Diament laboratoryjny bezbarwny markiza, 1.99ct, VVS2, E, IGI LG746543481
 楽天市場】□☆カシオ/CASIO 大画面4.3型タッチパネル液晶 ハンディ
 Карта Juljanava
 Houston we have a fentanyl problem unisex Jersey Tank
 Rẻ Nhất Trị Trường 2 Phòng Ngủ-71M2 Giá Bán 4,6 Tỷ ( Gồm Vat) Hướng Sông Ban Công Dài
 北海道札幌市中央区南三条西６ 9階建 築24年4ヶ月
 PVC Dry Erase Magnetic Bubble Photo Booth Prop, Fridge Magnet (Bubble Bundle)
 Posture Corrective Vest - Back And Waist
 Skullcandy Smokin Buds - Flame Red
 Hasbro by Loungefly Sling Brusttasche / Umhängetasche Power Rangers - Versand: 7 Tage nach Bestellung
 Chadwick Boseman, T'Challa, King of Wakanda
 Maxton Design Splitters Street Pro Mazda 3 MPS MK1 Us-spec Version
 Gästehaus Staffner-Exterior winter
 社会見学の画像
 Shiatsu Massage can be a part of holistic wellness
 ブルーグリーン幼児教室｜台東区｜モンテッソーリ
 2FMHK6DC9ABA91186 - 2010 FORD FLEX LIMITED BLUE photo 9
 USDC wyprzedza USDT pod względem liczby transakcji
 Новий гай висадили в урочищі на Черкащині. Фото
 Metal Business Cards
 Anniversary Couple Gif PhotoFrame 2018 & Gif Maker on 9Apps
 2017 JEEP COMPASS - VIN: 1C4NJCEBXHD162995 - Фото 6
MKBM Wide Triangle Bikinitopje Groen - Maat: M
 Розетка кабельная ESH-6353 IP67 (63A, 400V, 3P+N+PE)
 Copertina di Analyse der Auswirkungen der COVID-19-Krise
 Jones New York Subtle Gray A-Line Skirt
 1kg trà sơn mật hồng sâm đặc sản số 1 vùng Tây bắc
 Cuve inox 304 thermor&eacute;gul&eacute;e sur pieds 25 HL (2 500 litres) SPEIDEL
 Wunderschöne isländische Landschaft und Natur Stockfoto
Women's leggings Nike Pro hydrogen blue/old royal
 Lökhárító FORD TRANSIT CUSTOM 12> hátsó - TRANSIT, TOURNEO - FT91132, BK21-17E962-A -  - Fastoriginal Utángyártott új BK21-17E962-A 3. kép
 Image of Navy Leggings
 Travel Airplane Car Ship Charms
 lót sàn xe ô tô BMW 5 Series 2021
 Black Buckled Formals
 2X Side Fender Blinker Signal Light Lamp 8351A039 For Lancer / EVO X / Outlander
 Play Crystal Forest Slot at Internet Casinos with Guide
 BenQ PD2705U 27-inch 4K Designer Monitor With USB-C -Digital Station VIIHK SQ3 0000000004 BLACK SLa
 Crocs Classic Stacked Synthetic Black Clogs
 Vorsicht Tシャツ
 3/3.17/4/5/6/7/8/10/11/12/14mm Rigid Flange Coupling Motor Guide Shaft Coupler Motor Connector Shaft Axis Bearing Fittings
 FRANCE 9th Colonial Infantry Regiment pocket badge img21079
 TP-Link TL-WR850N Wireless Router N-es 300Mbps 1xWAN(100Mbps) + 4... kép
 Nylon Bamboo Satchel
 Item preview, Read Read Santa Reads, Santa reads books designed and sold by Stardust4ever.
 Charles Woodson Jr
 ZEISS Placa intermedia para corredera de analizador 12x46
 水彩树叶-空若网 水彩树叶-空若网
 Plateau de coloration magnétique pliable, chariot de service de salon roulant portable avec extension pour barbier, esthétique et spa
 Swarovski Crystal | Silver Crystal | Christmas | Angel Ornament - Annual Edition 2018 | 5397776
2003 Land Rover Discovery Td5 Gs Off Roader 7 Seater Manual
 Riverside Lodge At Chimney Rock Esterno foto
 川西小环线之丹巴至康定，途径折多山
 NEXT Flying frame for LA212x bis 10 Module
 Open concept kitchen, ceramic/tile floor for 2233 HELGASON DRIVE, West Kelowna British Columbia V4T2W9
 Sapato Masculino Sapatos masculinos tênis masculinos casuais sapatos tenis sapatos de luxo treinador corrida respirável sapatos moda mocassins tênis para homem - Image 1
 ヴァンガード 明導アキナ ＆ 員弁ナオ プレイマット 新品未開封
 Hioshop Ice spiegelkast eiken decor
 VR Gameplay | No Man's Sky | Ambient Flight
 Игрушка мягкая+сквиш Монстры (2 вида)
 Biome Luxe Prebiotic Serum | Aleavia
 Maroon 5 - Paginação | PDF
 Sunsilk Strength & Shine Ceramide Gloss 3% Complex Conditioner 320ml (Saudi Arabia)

____

Exercise directions: Set down, exactly as they appear above, all lines from the one that has "Jones New York Subtle Gray A-Line Skirt" down to the one that has "Hioshop Ice spiegelkast eiken decor", including those two and no others.

Reply to the task:
 Jones New York Subtle Gray A-Line Skirt
 1kg trà sơn mật hồng sâm đặc sản số 1 vùng Tây bắc
 Cuve inox 304 thermor&eacute;gul&eacute;e sur pieds 25 HL (2 500 litres) SPEIDEL
 Wunderschöne isländische Landschaft und Natur Stockfoto
Women's leggings Nike Pro hydrogen blue/old royal
 Lökhárító FORD TRANSIT CUSTOM 12> hátsó - TRANSIT, TOURNEO - FT91132, BK21-17E962-A -  - Fastoriginal Utángyártott új BK21-17E962-A 3. kép
 Image of Navy Leggings
 Travel Airplane Car Ship Charms
 lót sàn xe ô tô BMW 5 Series 2021
 Black Buckled Formals
 2X Side Fender Blinker Signal Light Lamp 8351A039 For Lancer / EVO X / Outlander
 Play Crystal Forest Slot at Internet Casinos with Guide
 BenQ PD2705U 27-inch 4K Designer Monitor With USB-C -Digital Station VIIHK SQ3 0000000004 BLACK SLa
 Crocs Classic Stacked Synthetic Black Clogs
 Vorsicht Tシャツ
 3/3.17/4/5/6/7/8/10/11/12/14mm Rigid Flange Coupling Motor Guide Shaft Coupler Motor Connector Shaft Axis Bearing Fittings
 FRANCE 9th Colonial Infantry Regiment pocket badge img21079
 TP-Link TL-WR850N Wireless Router N-es 300Mbps 1xWAN(100Mbps) + 4... kép
 Nylon Bamboo Satchel
 Item preview, Read Read Santa Reads, Santa reads books designed and sold by Stardust4ever.
 Charles Woodson Jr
 ZEISS Placa intermedia para corredera de analizador 12x46
 水彩树叶-空若网 水彩树叶-空若网
 Plateau de coloration magnétique pliable, chariot de service de salon roulant portable avec extension pour barbier, esthétique et spa
 Swarovski Crystal | Silver Crystal | Christmas | Angel Ornament - Annual Edition 2018 | 5397776
2003 Land Rover Discovery Td5 Gs Off Roader 7 Seater Manual
 Riverside Lodge At Chimney Rock Esterno foto
 川西小环线之丹巴至康定，途径折多山
 NEXT Flying frame for LA212x bis 10 Module
 Open concept kitchen, ceramic/tile floor for 2233 HELGASON DRIVE, West Kelowna British Columbia V4T2W9
 Sapato Masculino Sapatos masculinos tênis masculinos casuais sapatos tenis sapatos de luxo treinador corrida respirável sapatos moda mocassins tênis para homem - Image 1
 ヴァンガード 明導アキナ ＆ 員弁ナオ プレイマット 新品未開封
 Hioshop Ice spiegelkast eiken decor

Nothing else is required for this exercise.